A verbatim printing of the entries that follow is needed; pictures must not appear in it.

Recorded data
------------------------------------------------------------------------

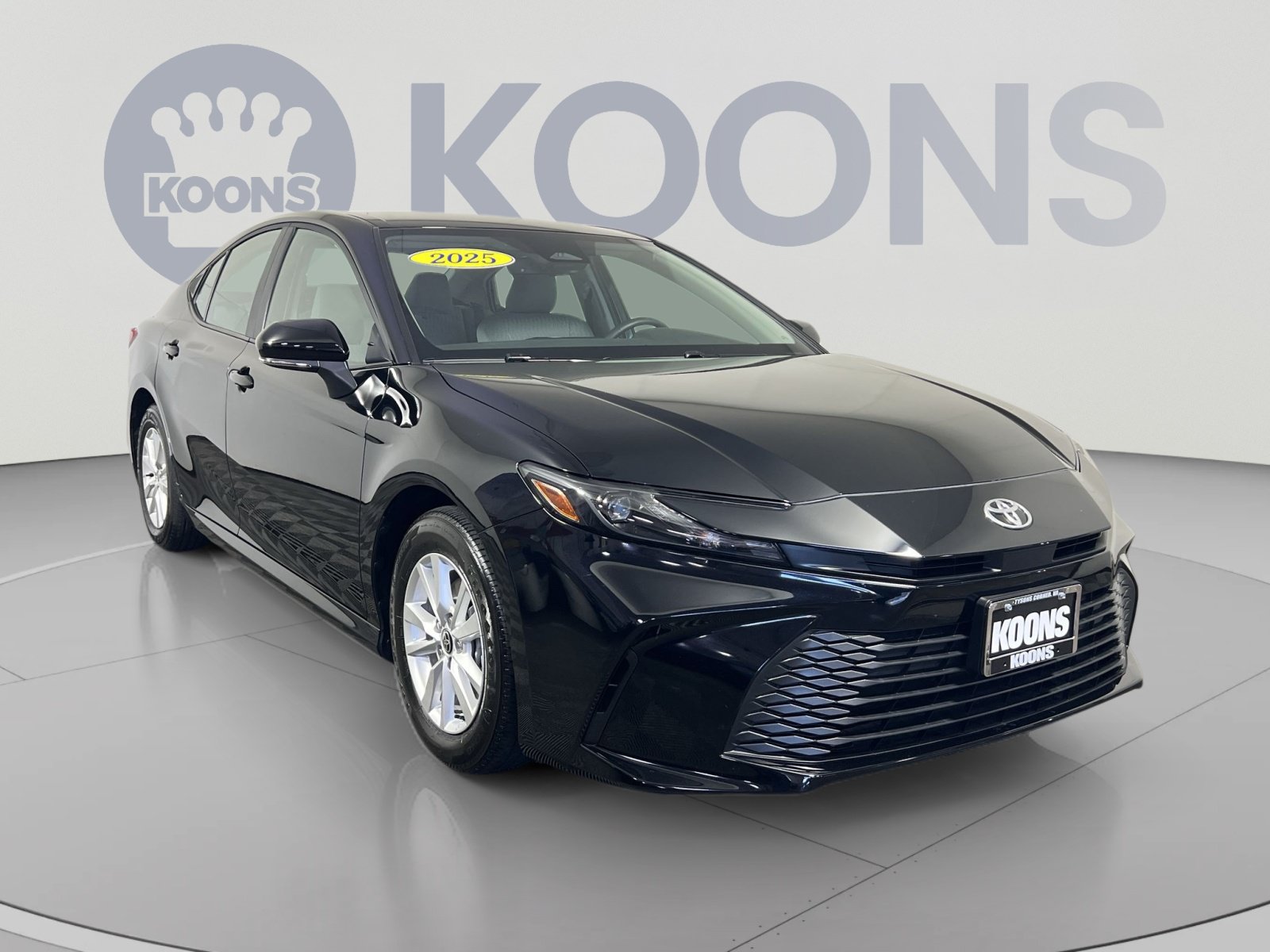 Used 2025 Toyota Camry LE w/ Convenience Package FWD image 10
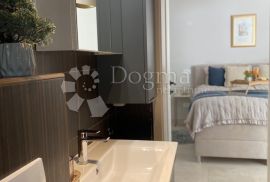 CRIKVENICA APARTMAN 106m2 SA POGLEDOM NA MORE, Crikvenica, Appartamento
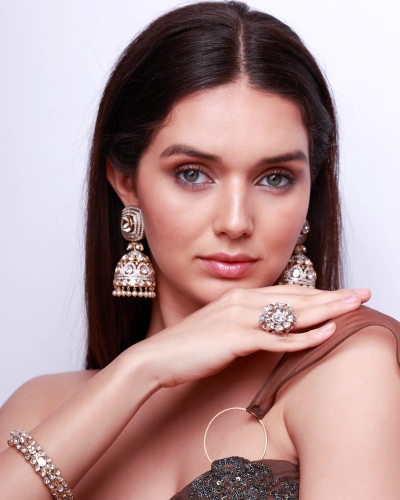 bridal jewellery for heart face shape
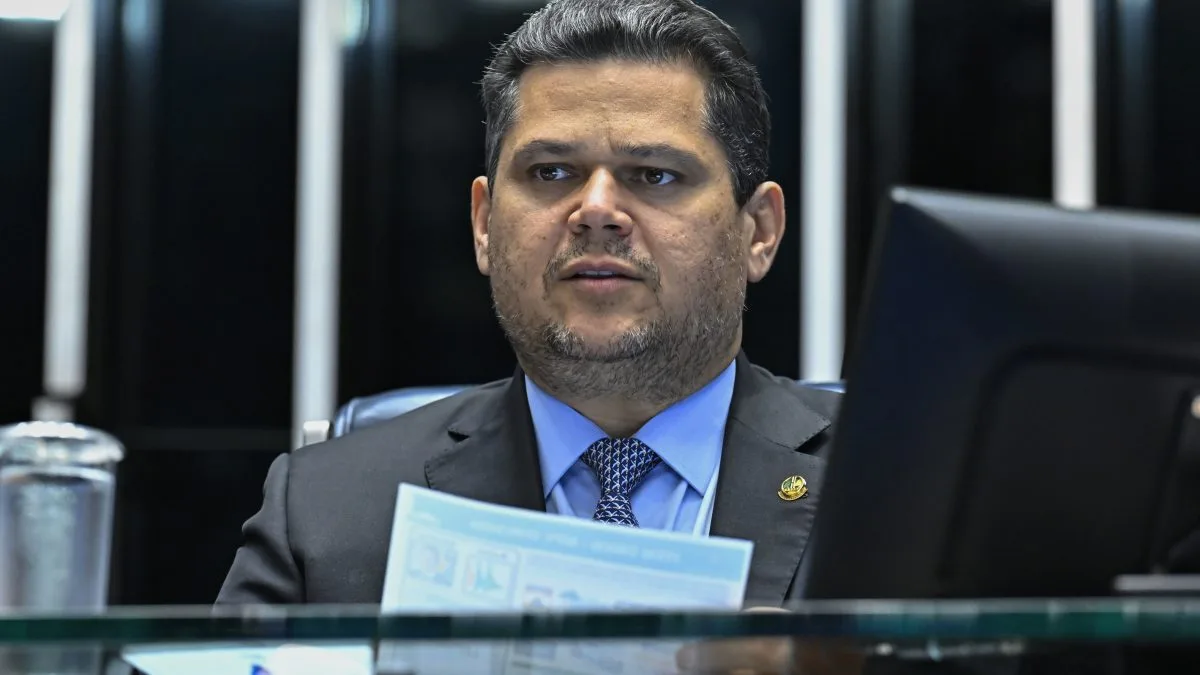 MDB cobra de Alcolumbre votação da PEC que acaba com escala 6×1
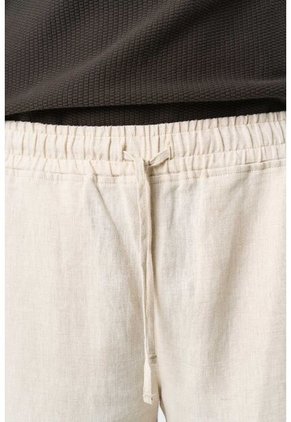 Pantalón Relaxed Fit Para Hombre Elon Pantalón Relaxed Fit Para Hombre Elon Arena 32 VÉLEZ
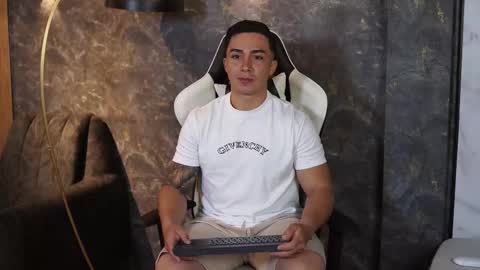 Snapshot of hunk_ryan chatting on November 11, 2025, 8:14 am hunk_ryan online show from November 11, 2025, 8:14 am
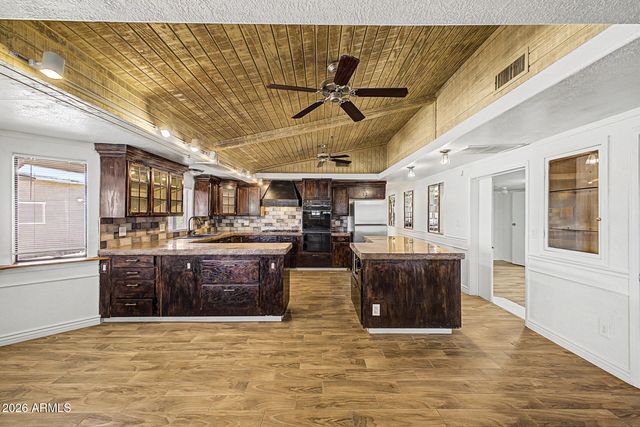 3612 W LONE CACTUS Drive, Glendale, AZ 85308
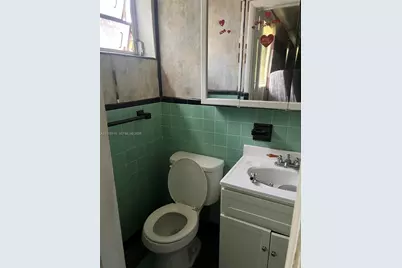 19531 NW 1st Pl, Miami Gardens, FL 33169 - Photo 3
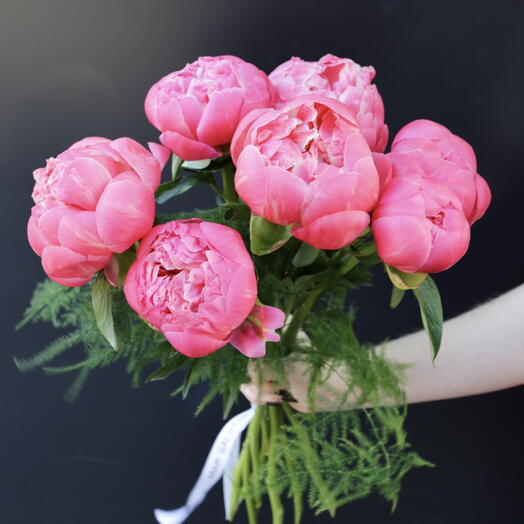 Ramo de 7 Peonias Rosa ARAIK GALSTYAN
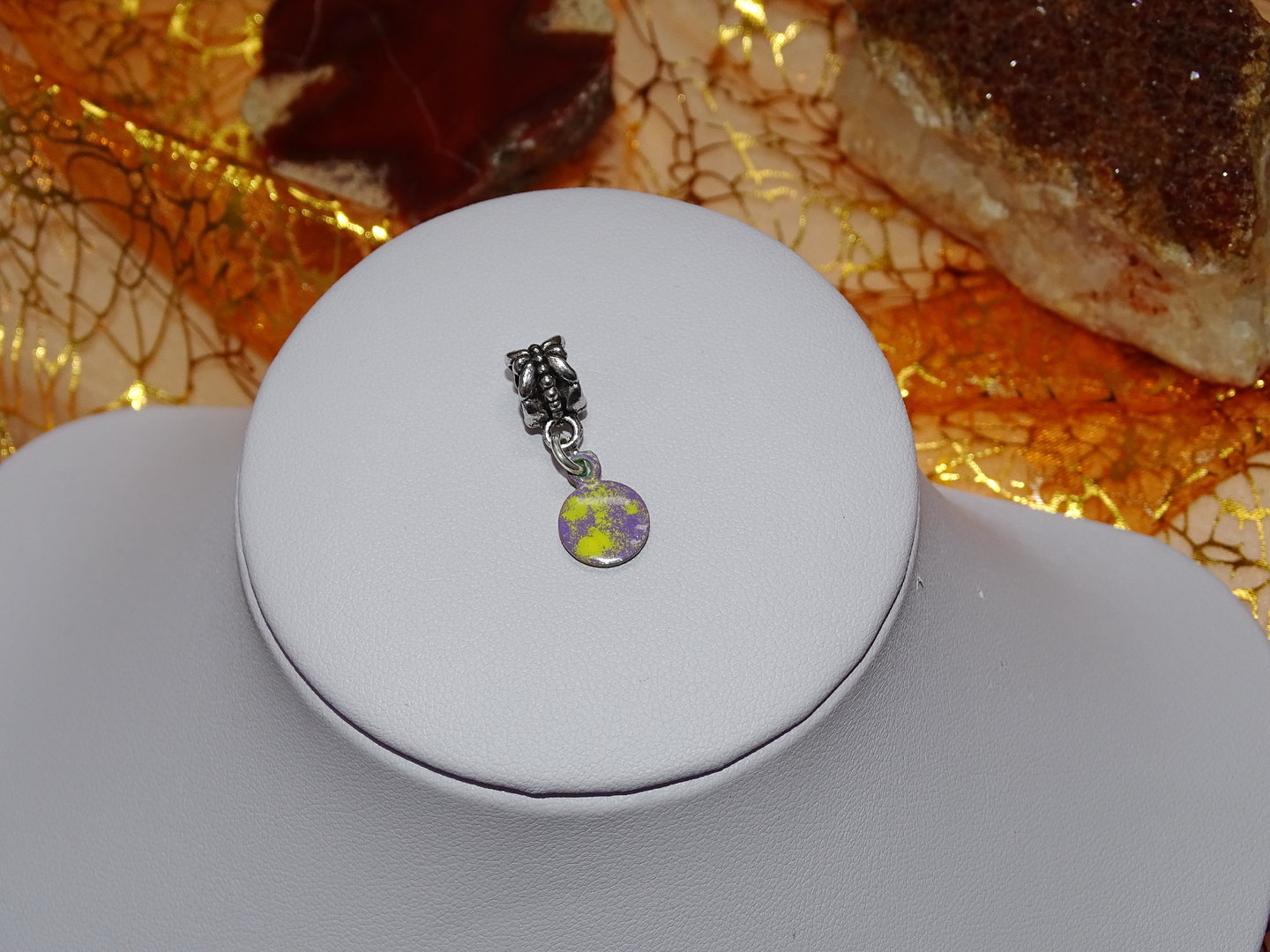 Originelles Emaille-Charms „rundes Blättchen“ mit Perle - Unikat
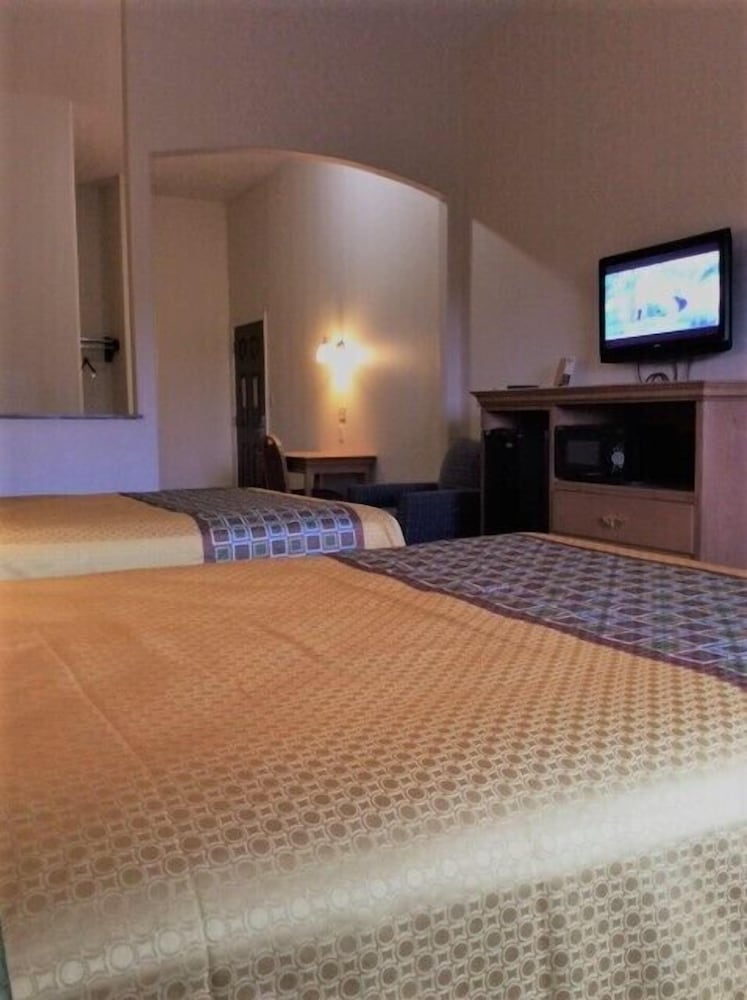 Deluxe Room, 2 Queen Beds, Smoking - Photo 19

------------------------------------------------------------------------

Response to this task:
 Used 2025 Toyota Camry LE w/ Convenience Package FWD image 10
 CRIKVENICA APARTMAN 106m2 SA POGLEDOM NA MORE, Crikvenica, Appartamento
 bridal jewellery for heart face shape
 MDB cobra de Alcolumbre votação da PEC que acaba com escala 6×1
 Pantalón Relaxed Fit Para Hombre Elon Pantalón Relaxed Fit Para Hombre Elon Arena 32 VÉLEZ
 Snapshot of hunk_ryan chatting on November 11, 2025, 8:14 am hunk_ryan online show from November 11, 2025, 8:14 am
 3612 W LONE CACTUS Drive, Glendale, AZ 85308
 19531 NW 1st Pl, Miami Gardens, FL 33169 - Photo 3
 Ramo de 7 Peonias Rosa ARAIK GALSTYAN
 Originelles Emaille-Charms „rundes Blättchen“ mit Perle - Unikat
 Deluxe Room, 2 Queen Beds, Smoking - Photo 19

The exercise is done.